=== WORK INSTRUCTION ===
Go through the listing below and retype exactly the lines starting at the one with "Messwagen der Bundesbahn" and ending at the one with "Snapshot of curman85", skipping pictures.

=== WORKING DATA ===
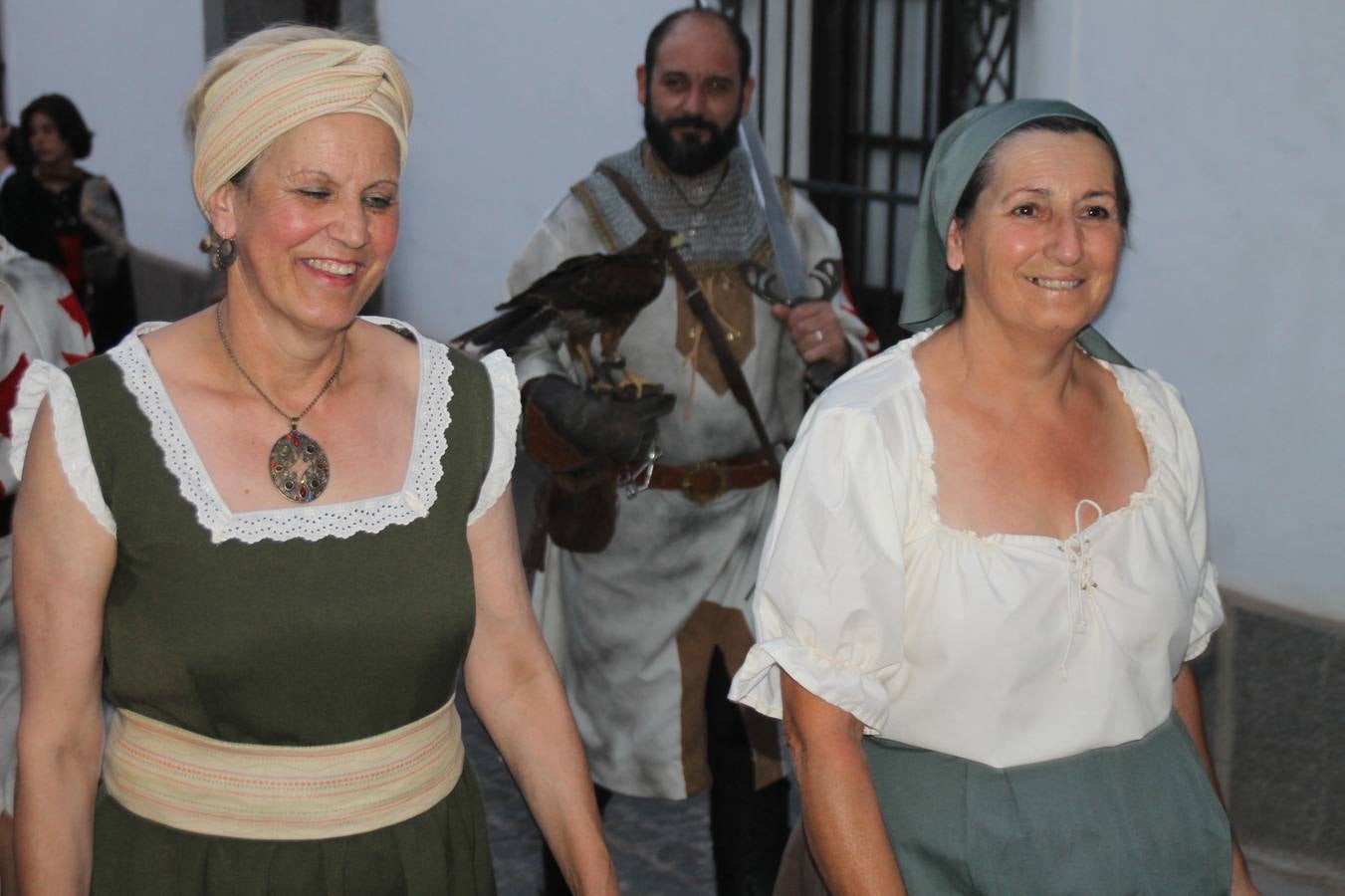 La participación popular fue nuevo protagonista del desfile teatralizado que anoche inauguró el grueso de la programación del XVI Festival Templario, invitando a propios y visitantes a revivir un pasado de leyenda, concretamente el siglo en el que La Orden del Temple marcó la vida de esta ciudad, en la que tuvo una de sus principales Encomiendas, siendo además el último reducto de Los Templarios en los reinos de España.La Asociación juvenil y cultural 'La Trouppe' estuvo al frente de la coordinación de dicho desfile que llenó de ambiente y animación las calles y plazas del centro histórico de Jerez de los Caballeros, llenas de público y engalanadas para la ocasión con pendones con la cruz templaria y otros elementos referentes a la cultura árabe que dejó su impronta en aquella época. Destacó la participación de más de 60 niñas que pusieron alegría con sus bailes a este pasacalle, junto a personajes fantásticos en zancos, la melodía de la Asociación Musical de Jerez de los Caballeros y la participación de asociaciones, como la del Belén 'Santa Ángela', Euexia Rural, además de los caballeros del campamento medieval a cargo de Cabalbur y de manera especial, la implicación de numerosos vecinos de todas las edades que desfilaron ataviados con indumentaria de la época dando vida a esta celebración.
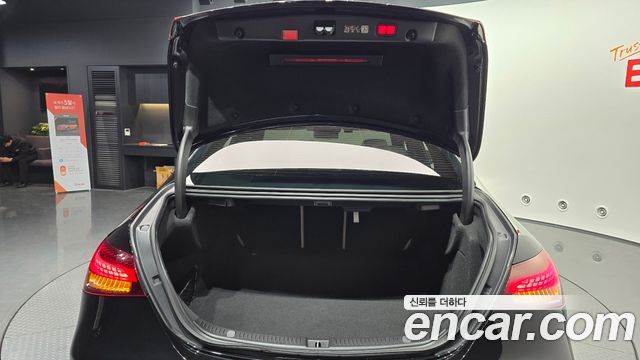 Mercedes-Benz E-Class 2023 — photo 32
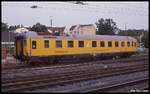 Messwagen der Bundesbahn Versuchsanstalt Minden mit der Bezeichnung 618099-9200-2 am 26.8.1990 im HBF Minden. 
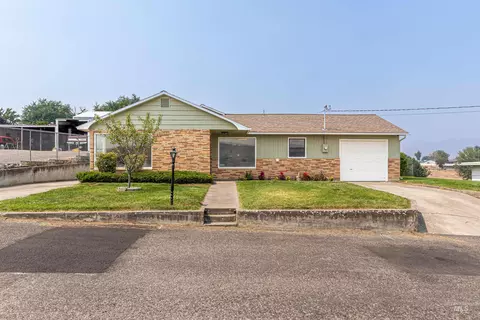 1880 Neal Dr, Clarkston, WA 99403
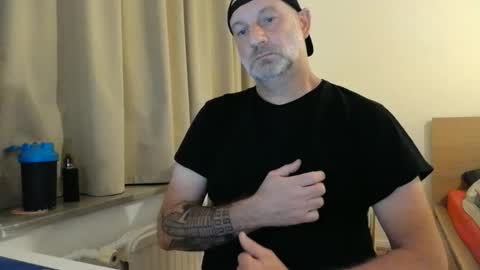 Snapshot of curman85 chatting on 12/02/25, 11:34 Curman85 online show from 12/02/25, 11:34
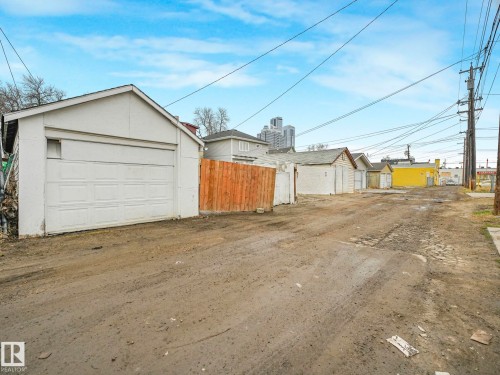 9632 106A Avenue, Edmonton, AB - Outdoor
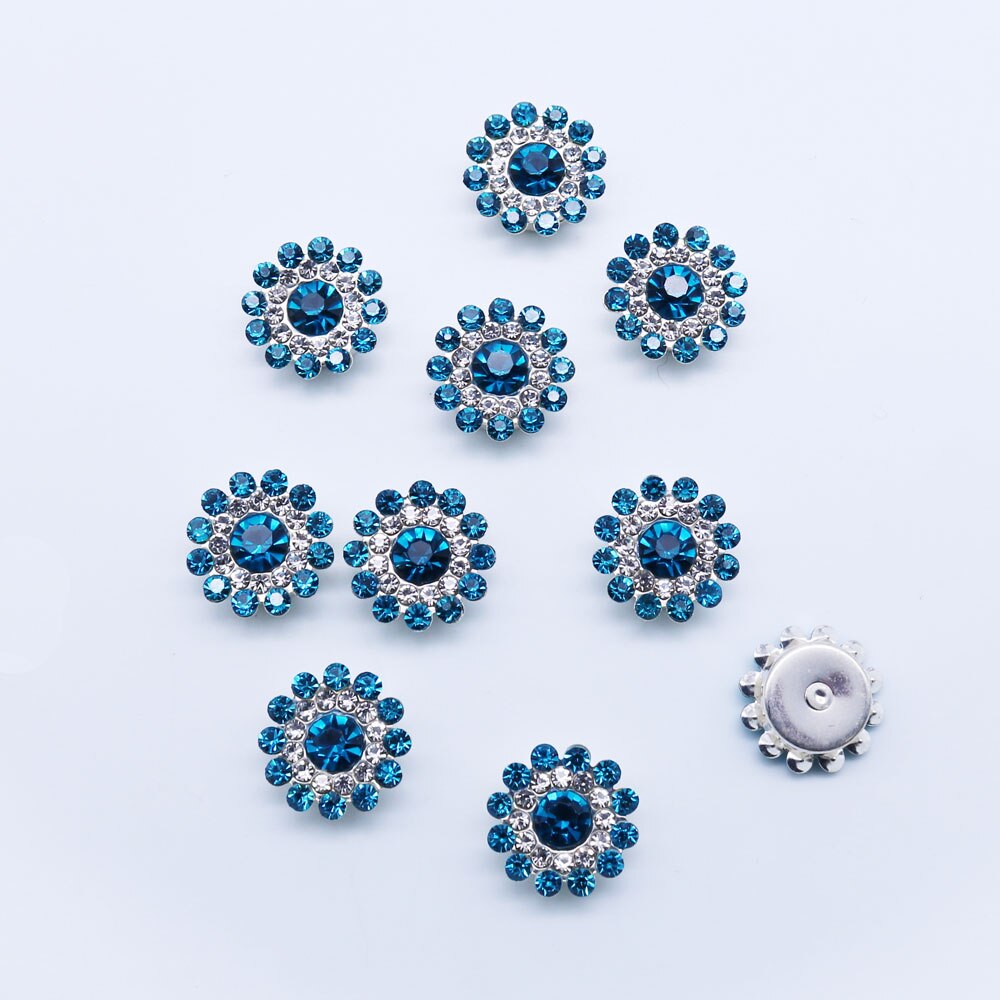 Bloemvormige strass fonkelende kristallen glas stone trim stalen bodem non-thermohardende naaien kleding strass SZ-019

=== EXPECTED OUTPUT ===
 Messwagen der Bundesbahn Versuchsanstalt Minden mit der Bezeichnung 618099-9200-2 am 26.8.1990 im HBF Minden. 
 1880 Neal Dr, Clarkston, WA 99403
 Snapshot of curman85 chatting on 12/02/25, 11:34 Curman85 online show from 12/02/25, 11:34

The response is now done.